If my tendency to overshare has not made it clear, let us establish that yours truly has yet to entirely grow up. I'd love to say that explains my boyish charm, but it also explains my galloping naivete and my stubborn resistance to common sense. I hold onto things. Memories, people, ideas.

My childhood belief in these persisted well past the point where a little skepticism would have been no bad thing. The last few years ended most of my willful naivete, my childish idealism. Unfortunately, the Current Guy, while tonally a galaxy away from the Former Guy, has not so far restored my faith in the civics-class ideals to which I clung. The Former Guy sinned by doing. The Current sins by not doing. Neither has helped stop my reluctant emergence into how shit really is.

All of which is to say I found myself choked up at a couple points in Rod Lurie's 2000 political thriller, THE CONTENDER, and at the end, as Jeff Bridges thundered away at Congress, I brimmed over into tears. Not so much for the ideals espoused, though an anti-slutshaming movie's ideals are mine, but because most of Bridges' high minded rhetoric about how women will be honored, will serve at the highest level of the executive branch, will not be slutshamed and character assassinated out of existence, and of the kind of nation which will make those things real, the kind of decent and fair-minded nation we can be, didn't happen (apart from Kamala Harris.) Listening to this rousing speech, I thought of how righteous that sounded in 2000, and how the country Bridges describes looked within reach.

Then, I thought about W, and Bush v. Gore, and 9/11, and USA PATRIOT, and 20 years of war on two fronts which turned out a master class in futility. I thought about the Former Guy, and Justice Kavanaugh, and #MeToo & #TimesUp, and how very fucking far we live from the ideals of Hollywood's idea of politics/politicians ca. 2000. So I teared up and a minutes' worth spilled over for a world and a time I believed in, however childishly, as opposed to this world, in which I live with as little belief as possible.

The liberal vs. conservative politics in THE CONTENDER haven't changed so much as metastasized, in both parties' case.

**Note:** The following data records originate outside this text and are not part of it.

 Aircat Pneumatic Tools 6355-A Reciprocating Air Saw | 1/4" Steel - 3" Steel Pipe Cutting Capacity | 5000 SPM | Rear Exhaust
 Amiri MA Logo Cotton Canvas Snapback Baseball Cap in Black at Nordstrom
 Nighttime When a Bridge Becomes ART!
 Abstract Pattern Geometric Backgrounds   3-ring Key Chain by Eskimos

Many who watch it today may struggle with Clintonian liberalism even moreso than the Gingrich playbook run by Gary Oldman's Republicans. I don't know what some contemporary viewers make out of the political ideals espoused by Democrats in this movie. Some audiences may not find THE CONTENDER as moving, ideologically, as I do.

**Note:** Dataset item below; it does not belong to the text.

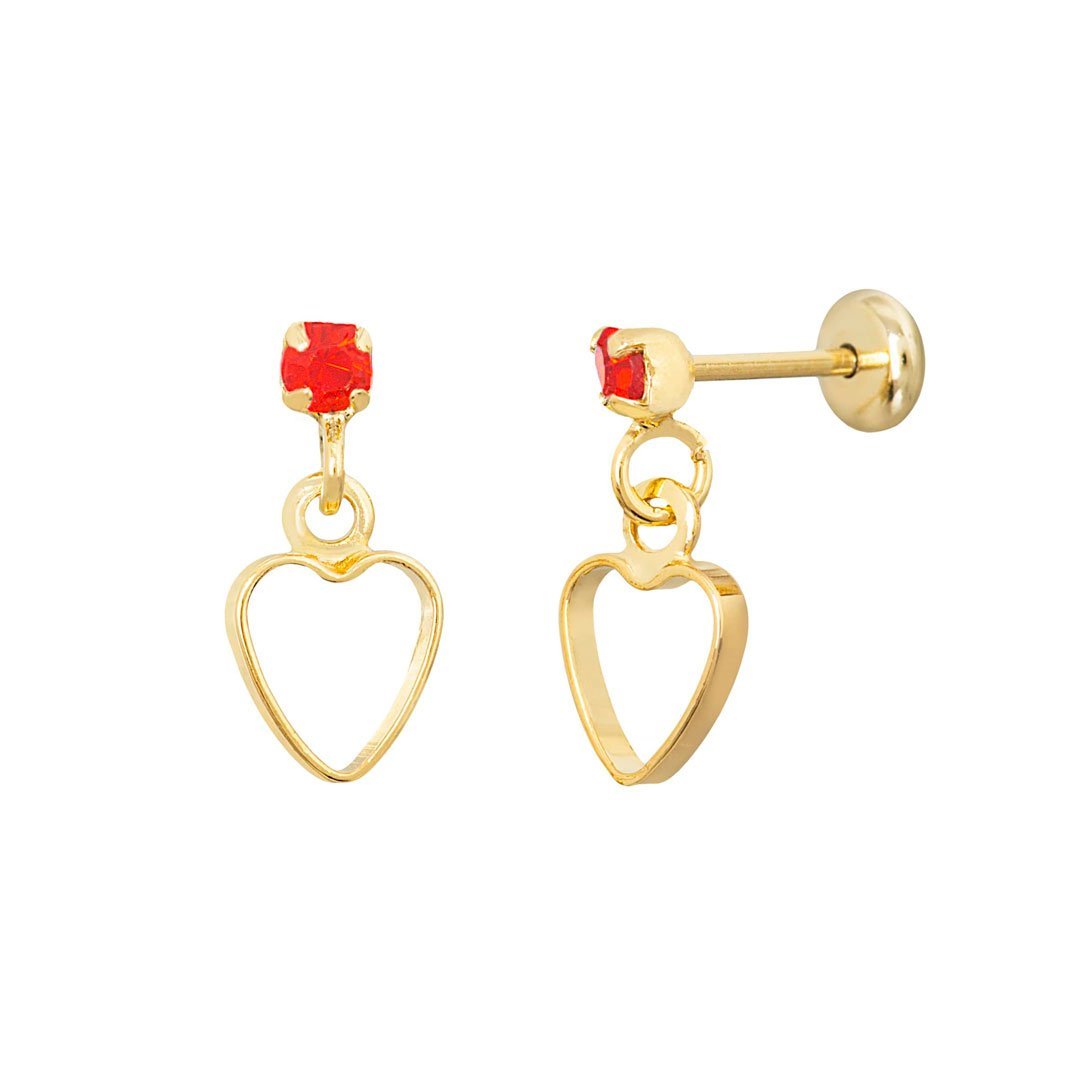 BRINCO INFANTIL PEDRINHA CORAÇÃO VAZADO PENDURADO BANHADO A OURO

What they'll find, instead, is a great movie. Released in an election year, many of these characters and situations were assumed to be based or modeled on then-current political figures and events. Most of them belong to the scrapheap of history, today, but political ideology and partisanship only hinder the appreciation of a first class political thriller. I found my and the film's politics irrelevant early in the proceedings and that didn't change.

The story tells a tale of machination, ambition, fanaticism. The movie concerns itself with strategy, tactics, how the sausage is made. The parties and platforms, while crucial to the characters, don't contribute or detract from Rod Lurie's story about political manouvering. THE CONTENDER, which houses a police procedural subplot, works like a procedural set in the world of DC. Characters' individual beliefs don't make much difference. What they believe, and THAT they believe, particularly in themselves, makes all the difference.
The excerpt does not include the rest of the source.